You are viewing a plain text version of this content. The canonical link for it is here.

Posted to dev@avro.apache.org by "Doug Cutting (JIRA)" <ji...@apache.org> on 2010/03/30 23:44:28 UTC

[jira] Created: (AVRO-493) hadoop mapreduce support for avro data

hadoop mapreduce support for avro data
--------------------------------------

                 Key: AVRO-493
                 URL: https://issues.apache.org/jira/browse/AVRO-493
             Project: Avro
          Issue Type: New Feature
          Components: java
            Reporter: Doug Cutting
            Assignee: Doug Cutting


Avro should provide support for using Hadoop MapReduce over Avro data files.

-- 
This message is automatically generated by JIRA.
-
You can reply to this email to add a comment to the issue online.

[jira] Commented: (AVRO-493) hadoop mapreduce support for avro data

Posted by "Scott Carey (JIRA)" <ji...@apache.org>.

    [ https://issues.apache.org/jira/browse/AVRO-493?page=com.atlassian.jira.plugin.system.issuetabpanels:comment-tabpanel&focusedCommentId=12851707#action_12851707 ] 

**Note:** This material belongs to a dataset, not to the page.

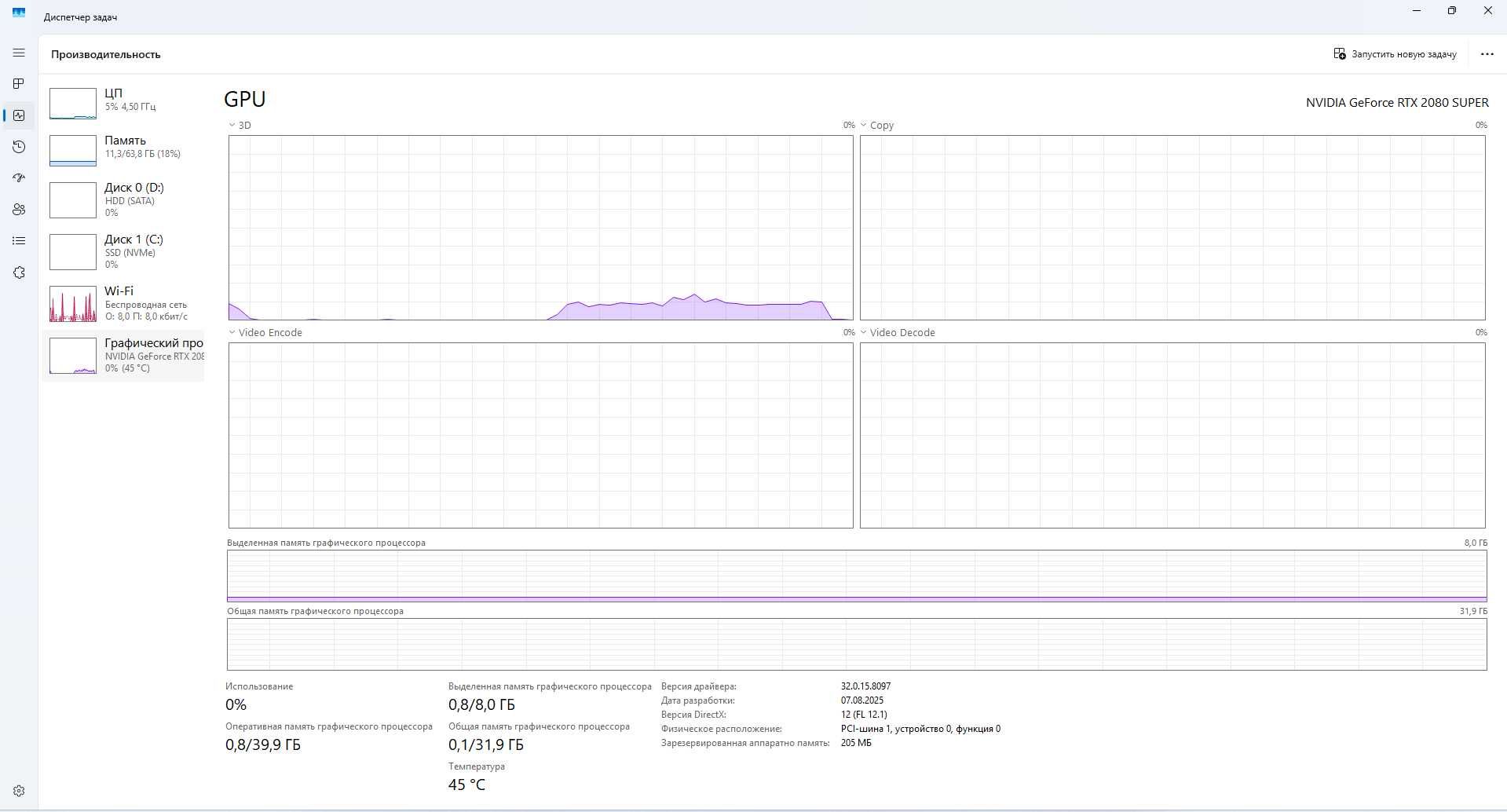 Видеокарта NVIDIA GeForce RTX 2080 SUPER (Dell OEM), 8 ГБ GDDR6 — Б/У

Scott Carey commented on AVRO-493:
----------------------------------

AvroWrapper.java:
{code}  public boolean equals(Object o) {
    return (datum == null) ? o == null : datum.equals(o);
  }{code}

The above looks odd.   Is equals() expected to compare the AvroWrapper to another AvroWrapper or only to the datum?   If the former, then o needs to be cast to AvroWrapper and o.datum used.  If not, then equals() does not adhere to the equals() contract and should be well documented.   (a.equals(b) is not always the same result as b.equals(a))

Eclipse's auto-generate equals() tool generates this code for equals():
{code}
  public boolean equals(Object obj) {
    if (this == obj)
      return true;
    if (obj == null)
      return false;
    if (getClass() != obj.getClass())
      return false;
    AvroWrapper other = (AvroWrapper) obj;
    if (datum == null) {
      if (other.datum != null)
        return false;
    } else if (!datum.equals(other.datum))
      return false;
    return true;
  }
{code}

AvroOutputFormat:
It would be nice if the compression level was configurable.  If not, I lean towards level 1 since it is closest to lzo in speed and still has good compression.  But I suppose intermediate outputs versus final outputs have different requirements here.

AvroMapper:
This creates a new AvroWrapper for each output.collect().  Is this necessary?  AvroReducer does not do this, but it doesn't have the combiner behind it.  If it must be a new instance, a comment might be appropriate to avoid an improper optimization attempt later.

AvroKeySerialization:
I am a bit confused about this class.  It is only referenced in the configuration of AvroJob.
When is this used in the big picture?  It appears that the Serialization interface contract requires no buffering (a performance issue if heavily used, for all serializations).  The decoder here doesn't have access to the avro file and can't use the file format's reader or writer -- so what is it for?  The javadoc on the Hadoop Serialization API doesn't have any information on the purpose of the interfaces.   Is it for serializing data to/from SequenceFiles and other such use cases?

General:
Deprecated APIs are used -- are the replacements not appropriate or insufficient?  I'm no expert on the details of the new API.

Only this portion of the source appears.